**Supplied information:**
* * * * * * *

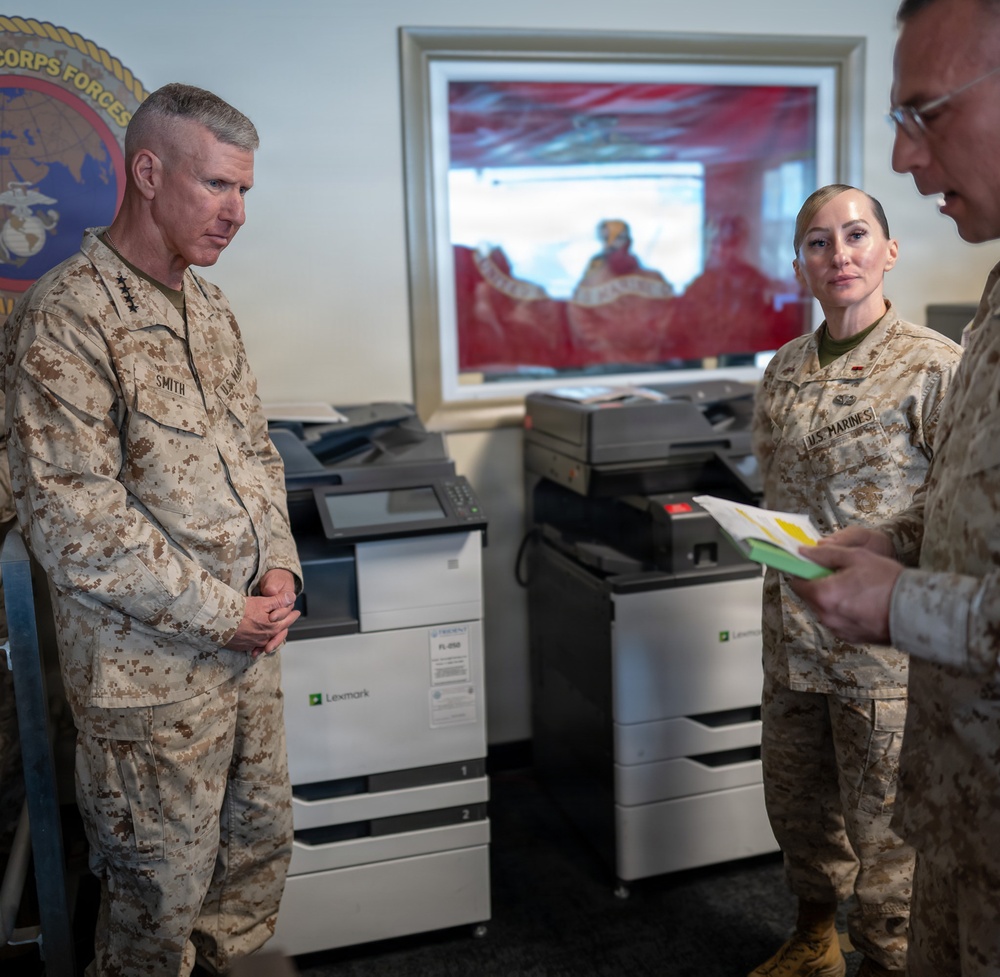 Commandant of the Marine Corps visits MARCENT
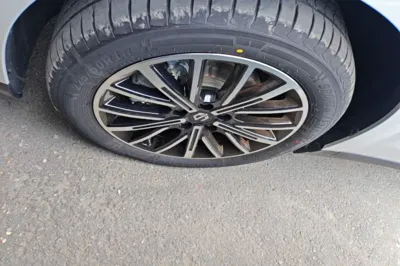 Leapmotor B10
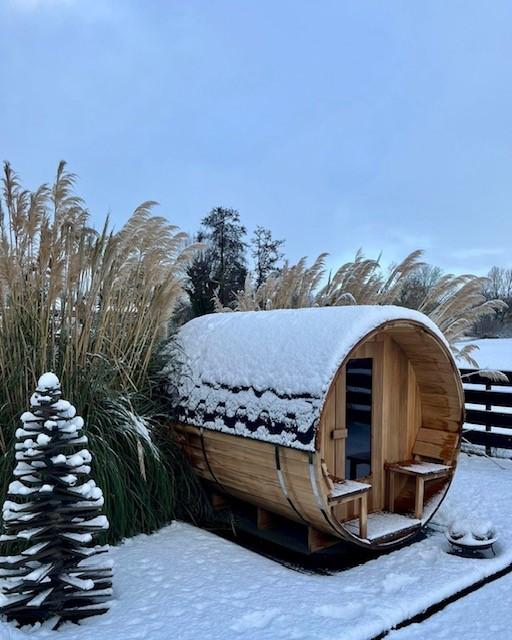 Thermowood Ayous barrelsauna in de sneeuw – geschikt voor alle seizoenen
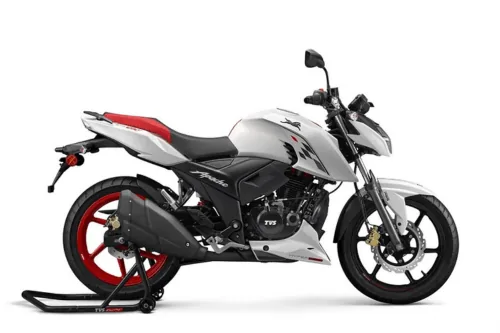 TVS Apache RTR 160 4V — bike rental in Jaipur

* * * * * * *

**Your assignment:** Without including any picture, output all the material exactly as it appears.

**Answer for this exercise:**
 Commandant of the Marine Corps visits MARCENT
 Leapmotor B10
 Thermowood Ayous barrelsauna in de sneeuw – geschikt voor alle seizoenen
 TVS Apache RTR 160 4V — bike rental in Jaipur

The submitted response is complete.